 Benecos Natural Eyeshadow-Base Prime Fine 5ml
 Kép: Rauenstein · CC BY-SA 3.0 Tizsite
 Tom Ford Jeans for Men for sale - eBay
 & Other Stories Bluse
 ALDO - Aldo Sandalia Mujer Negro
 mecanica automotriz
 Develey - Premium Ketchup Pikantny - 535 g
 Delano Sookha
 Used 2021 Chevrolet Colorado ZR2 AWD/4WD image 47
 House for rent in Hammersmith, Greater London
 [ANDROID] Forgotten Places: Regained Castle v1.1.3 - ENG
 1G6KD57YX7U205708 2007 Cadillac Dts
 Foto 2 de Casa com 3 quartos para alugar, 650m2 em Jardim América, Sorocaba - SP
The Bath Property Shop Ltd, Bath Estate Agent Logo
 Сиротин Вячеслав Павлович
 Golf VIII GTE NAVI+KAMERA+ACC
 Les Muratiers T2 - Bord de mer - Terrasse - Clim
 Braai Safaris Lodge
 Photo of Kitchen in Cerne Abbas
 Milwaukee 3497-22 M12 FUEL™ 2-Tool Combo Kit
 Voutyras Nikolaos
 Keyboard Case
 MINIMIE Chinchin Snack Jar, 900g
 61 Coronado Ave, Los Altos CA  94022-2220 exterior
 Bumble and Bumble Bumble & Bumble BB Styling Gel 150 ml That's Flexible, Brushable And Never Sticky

===

— Task goal —
Restate the final lines of the listing above word for word, beginning at the line that contains "[ANDROID] Forgotten Places: Regained".

— Task output —
 [ANDROID] Forgotten Places: Regained Castle v1.1.3 - ENG
 1G6KD57YX7U205708 2007 Cadillac Dts
 Foto 2 de Casa com 3 quartos para alugar, 650m2 em Jardim América, Sorocaba - SP
The Bath Property Shop Ltd, Bath Estate Agent Logo
 Сиротин Вячеслав Павлович
 Golf VIII GTE NAVI+KAMERA+ACC
 Les Muratiers T2 - Bord de mer - Terrasse - Clim
 Braai Safaris Lodge
 Photo of Kitchen in Cerne Abbas
 Milwaukee 3497-22 M12 FUEL™ 2-Tool Combo Kit
 Voutyras Nikolaos
 Keyboard Case
 MINIMIE Chinchin Snack Jar, 900g
 61 Coronado Ave, Los Altos CA  94022-2220 exterior
 Bumble and Bumble Bumble & Bumble BB Styling Gel 150 ml That's Flexible, Brushable And Never Sticky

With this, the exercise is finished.